А вот с масонскими сволочами - пока последнего не выведу, как тараканов из дому, не успокоюсь. Ведь насколько глубоко пустила корни эта зараза, а мы ей ещё поклоняемся. Декабристы, декабристы! Ах, устроили восстание на Сенатской площади против самодержавия! Ах, вывели ничего не соображающих солдат под расстрел из пушек! А ведь всё начиналось с масонских кружков, все эти двадцатилетние генералы и полковники там побывали.

И чего вокруг них так пляшут? Мало что ли было дворцовых переворотов? Вон, почти весь восемнадцатый век сплошная свистопляска. Что они могли предложить, эти декабристы? Да ничего! Даже руку поднять на императора посмели, правда, в последний момент вместо него убили боевого генерала Милорадовича.

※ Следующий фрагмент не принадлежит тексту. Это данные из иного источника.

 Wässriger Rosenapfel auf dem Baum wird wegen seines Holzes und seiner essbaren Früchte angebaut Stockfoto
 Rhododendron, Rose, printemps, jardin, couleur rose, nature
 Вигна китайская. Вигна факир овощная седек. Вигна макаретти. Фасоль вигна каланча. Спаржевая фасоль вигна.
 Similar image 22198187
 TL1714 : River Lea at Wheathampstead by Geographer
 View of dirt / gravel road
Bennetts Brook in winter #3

Ладно, замнём дела давно минувших лет. Пора отдать дань дню насущному. К слову, чего там пишут в свежей прессе? Открываю 'Русское слово' и читаю. Тээкс. Вокруг последних моих статей разгорелась нешуточная полемика, нашлись и сторонники, и соперники, благо я не одинок, есть, кому отрабатывать возражения, чего стоит только наш 'генеральный штаб', который уже вовсю прорабатывает аспекты новой военной доктрины.

Я довольно потер руки, изображая этакого делягу, провернувшего удачную сделку. А что, есть чем гордиться.

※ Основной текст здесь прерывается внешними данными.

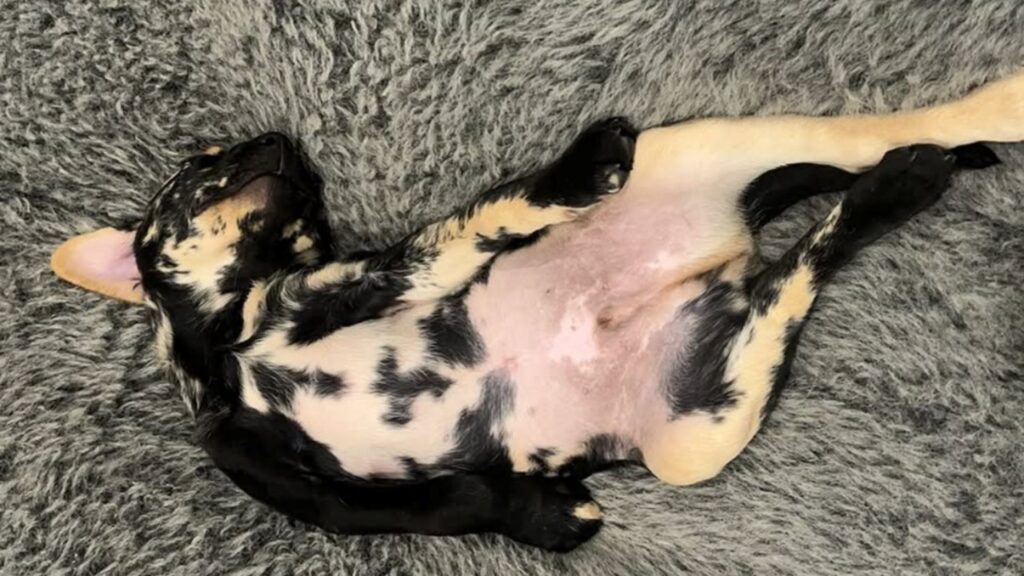 Filhote de Labrador com pelagem rara parece uma mistura de brownie com manteiga de amendoim e encanta pela combinação de cores incomum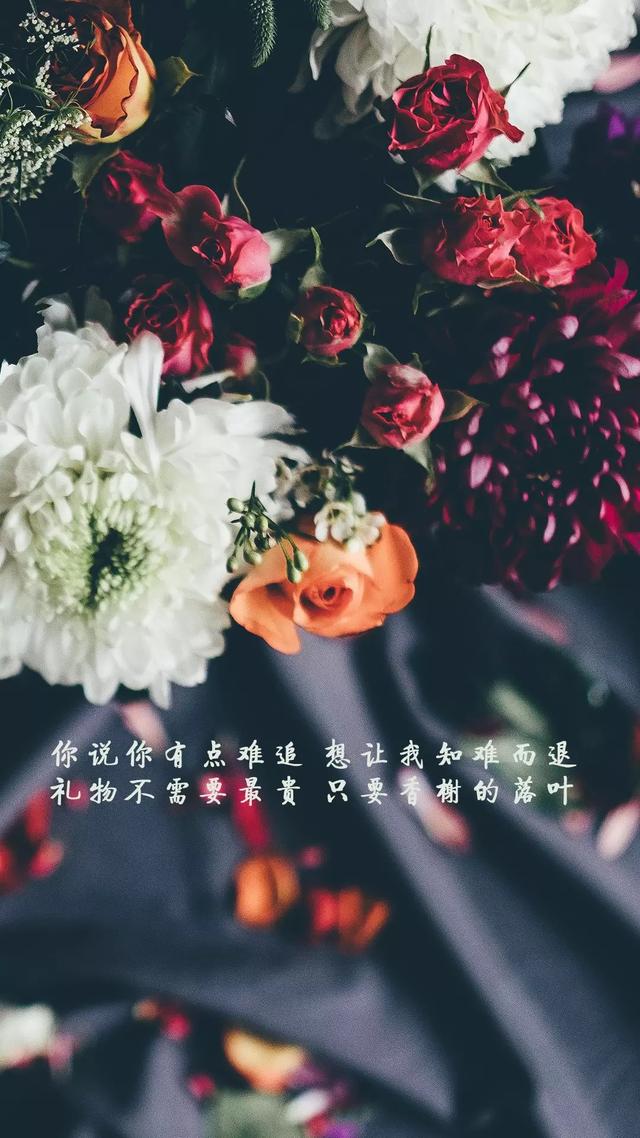 简短句子——小清新，治愈系，正能量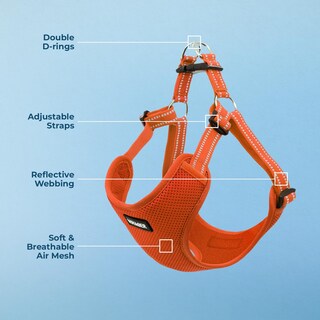 Foto 3 | Foto 3 | Chaleco Para Perros Best Pet Supplies Voyager Orange M - Venta Internacional.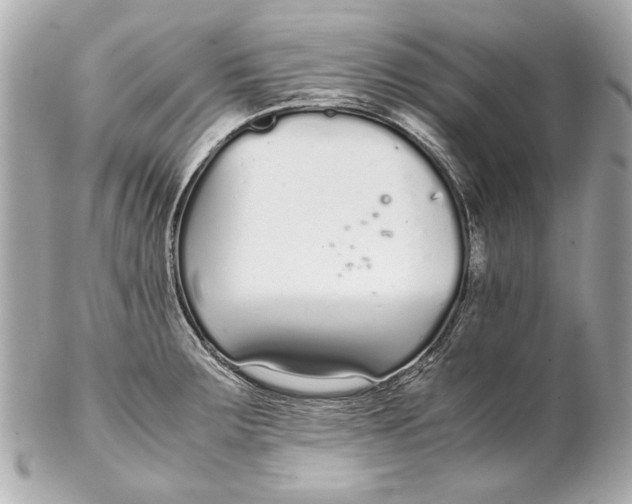 X0000102271283200808151856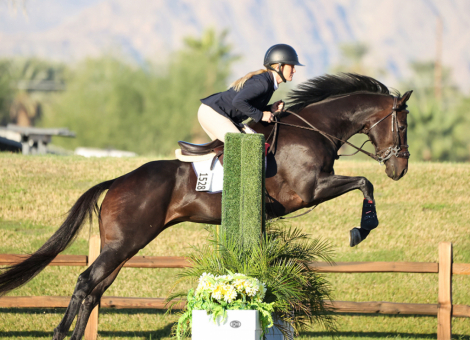 HorseID: 2301310 Storm the Gate - PhotoID: 1083139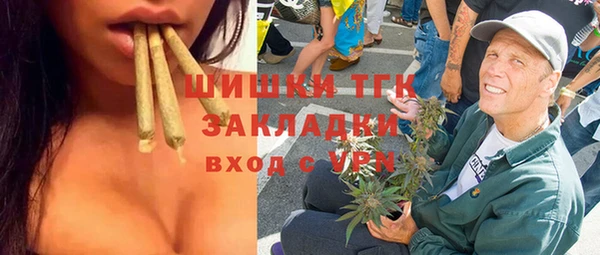 твердый Богданович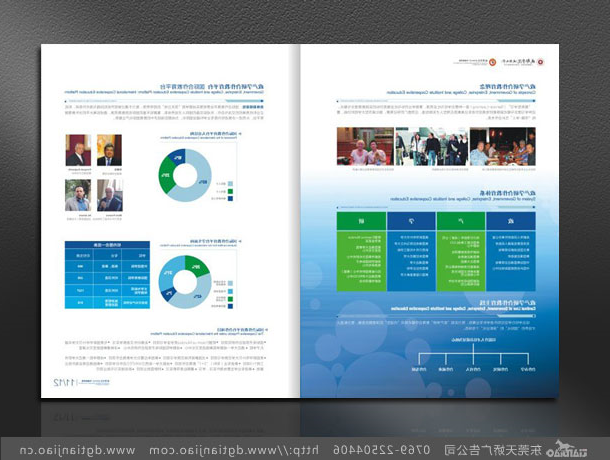 2020年东莞国际学校宣传册设计案例欣赏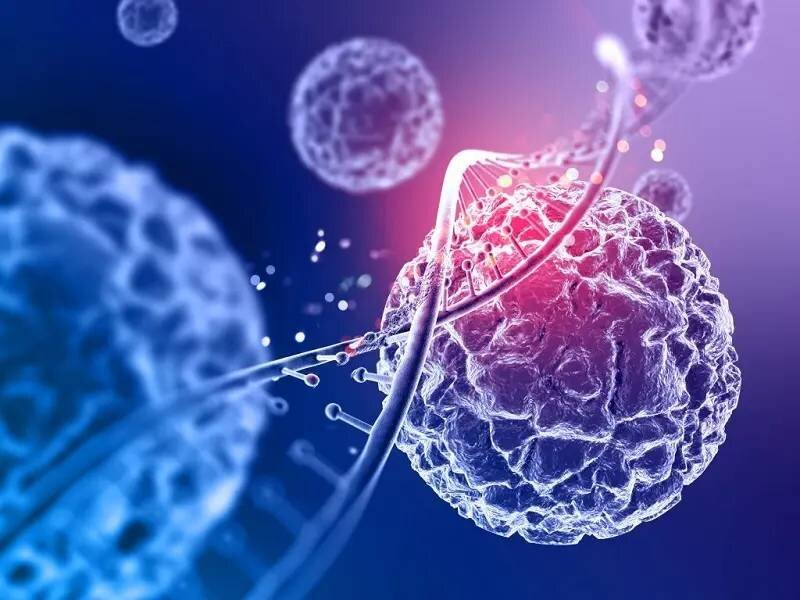 Royan Institute findings highlight MSCs’ potential for cell-based ASD therapy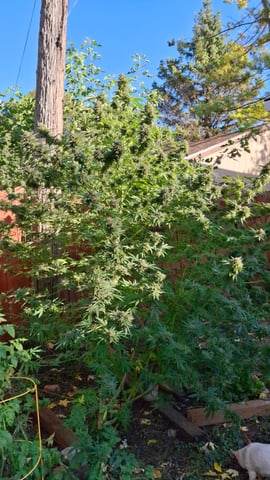 black and blue moon rocks  — done, day 2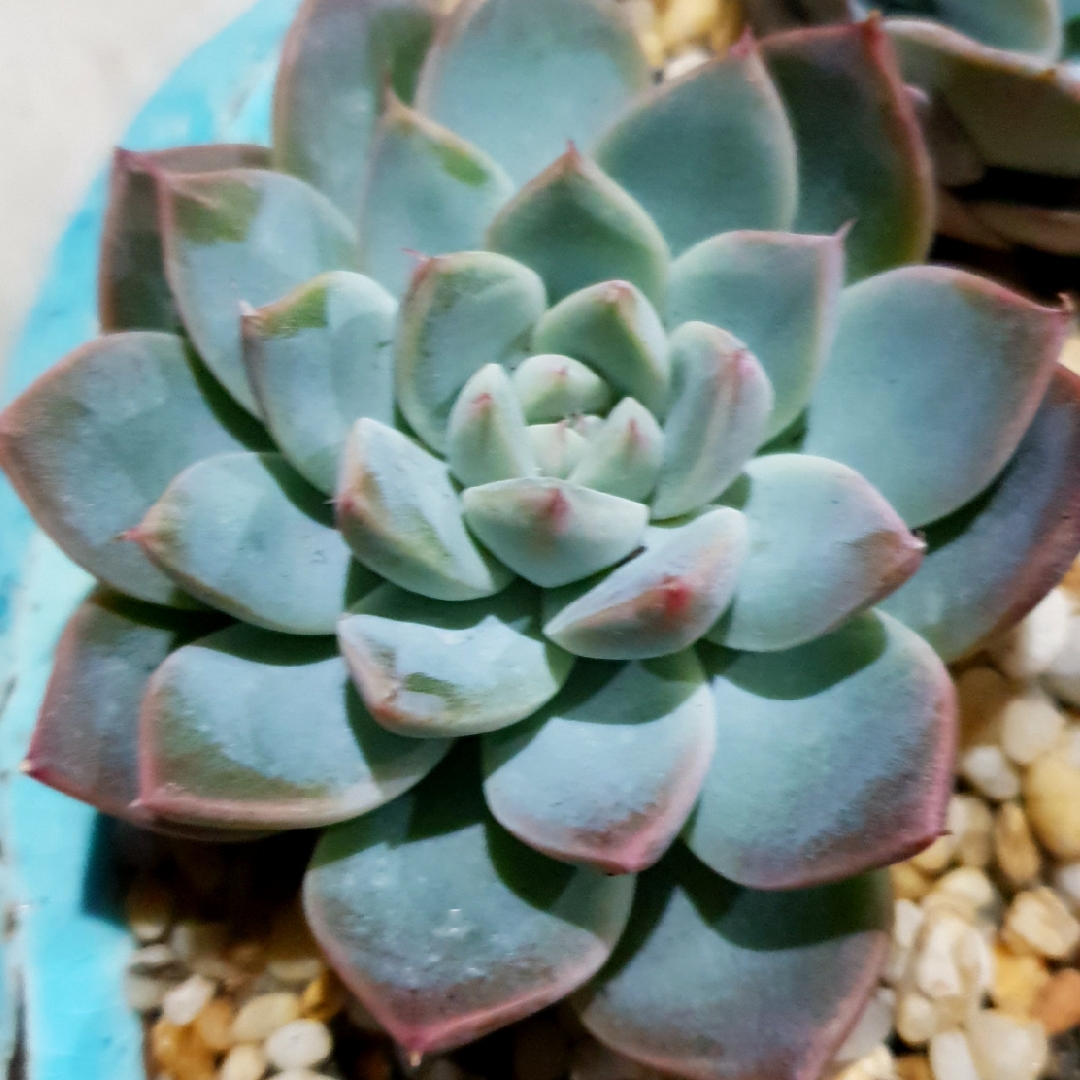 Echeveria Alba Beauty in the GardenTags plant encyclopedia Echeveria Alba Beauty in the GardenTags plant encyclopedia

Да уж, сколько я выдержу этот безумный темп - не ясно. Ведь с каждым днем становится все веселее и веселее, так что эту поездку в Сибирь можно назвать чем-то вроде короткой передышки.

Чайку надо попить, а лучше и вовсе покушать основательно. Что ж, верное решение, товарищ Дементьев, поднимайте тело и вперед - в вагон-ресторан.

А начиналось все вполне невинно, с простого желания познакомиться с 1909-м годом поближе.

Первым делом обзавелся парой пистолетов, револьверы никогда не производили на меня впечатления, поэтому предпочел 'Браунинги 1903', отличные семизарядные машинки от херра Мозеса и Фабрик Насьональ. Запасшись изрядным боекомплектом, начал тренироваться, и, через несколько недель, основательно поднаторел в стрельбе. Снайпером естественно не стал, но навык приобрел, теперь буду развивать.

Затем изрядно растряс мошну профессора, и разжился еще двумя агрегатами: замечательным глушенным американцем, предназначенным для охоты, как было написано в рекламном проспекте (я улыбнулся: моя охота будет не на зайчиков, пусть уж зверушки бегают), и помповое ружье все того же Джона Мозеса Браунинга. Отработка заняла немало времени, но я об этом не жалел, дело нужное и важное. Самостоятельно оборудовал нечто вроде тренировочной площадки и сутками палил по мишеням, изведя таким манером несколько тысяч единиц боекомплекта. Вот тогда и почувствовал, что слегка набил-таки руку.